Habaneros are fairly easy to care for once you get them enough light. They require relatively little maintenance, but a little care goes a long way. Pruning and fertilizing are especially helpful.
Pruning pepper plants when they are young, at about 6 inches tall, is ideal. Cutting the top nodes off, sometimes called topping, helps the plant become more bushy than tall. It also helps increase your yields.
If you do not have a large pot and are concerned about your plant being busy, then prune the sides and “train” it to be taller. Be aware that bushier plants tend to have higher yields, but you should still get a decent yield if you train them to be tall instead.
A simple 5-5-5 fertilizer usually does the job. Be careful not to pick a fertilizer that is too high in nitrogen, especially with older plants. High levels of nitrogen may cause the plant to focus on leaf production instead of fruit production. A seaweed, kelp, or fish fertilizer usually does well.
Are Habanero Peppers Hard To Grow?
Starting habaneros from seed can be difficult, but once they are established they are fairly easy to grow, especially indoors. Skip over the hardest part of growing the peppers by getting a mature plant from your local nursery.
Once you find a good spot with plenty of light for your new habaneros to call home, they are fairly low maintenance. The plants only need to be watered once or twice a week, but be careful not to water them too often. Overwatering may lead to common fungal problems like blossom end rot.
Pro tip: if you like spicier peppers, reduce watering when you spot young peppers. That will increase the capsaicin levels which will make them spicier.
How Long Does It Take To Grow Habanero Peppers?
It takes habanero peppers a long time to grow from seed to harvest. If you get a transplant it may take up to 90 days to get a harvest, but if you are starting from seed it may take even longer.
When buying, be sure to check the variety because habanero peppers are generally perennials.
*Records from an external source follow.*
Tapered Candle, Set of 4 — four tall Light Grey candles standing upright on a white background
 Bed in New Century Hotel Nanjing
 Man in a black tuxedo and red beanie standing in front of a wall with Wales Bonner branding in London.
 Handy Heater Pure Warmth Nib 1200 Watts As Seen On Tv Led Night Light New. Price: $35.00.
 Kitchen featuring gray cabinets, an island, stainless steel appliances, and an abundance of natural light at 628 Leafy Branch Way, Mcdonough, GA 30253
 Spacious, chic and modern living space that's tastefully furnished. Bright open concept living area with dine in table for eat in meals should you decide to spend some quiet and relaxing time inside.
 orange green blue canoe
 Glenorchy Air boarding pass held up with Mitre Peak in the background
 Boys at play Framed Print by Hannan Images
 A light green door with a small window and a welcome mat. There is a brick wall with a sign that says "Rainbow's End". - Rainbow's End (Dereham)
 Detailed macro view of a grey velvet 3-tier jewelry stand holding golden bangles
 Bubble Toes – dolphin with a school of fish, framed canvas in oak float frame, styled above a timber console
If you keep your habaneros indoors, they will likely produce peppers for multiple years. If you decide to move them outside for part of the year, make sure to move them back in before the first frost. Habaneros do not like the cold and may die or be damaged if they are exposed to below-freezing temperatures.
Can You Grow Habanero Peppers Indoors All Year?
In theory, yes. Habanero plants are perennials and will grow and produce multiple years. If they have enough light and are kept in an area above a toasty 70 degrees Fahrenheit, they should continue to produce peppers all year long. If production tapers off, try adding fertilizer or additional light.
Some recommend fertilizing peppers every week if they are producing flowers and fruit. Watch your plants and alter your care methods to meet their needs. Do not be afraid to fertilize often even if the plants are doing well. Check your fertilizer bottle to see if it has specific recommendations.
Also do not be afraid of giving your peppers too much light. They would happily soak up 24 hours of light given the chance. But do not keep the plants too close to the grow lights, as that may cause sunscald. If you notice the fruits discoloring or splitting, try moving the light further away.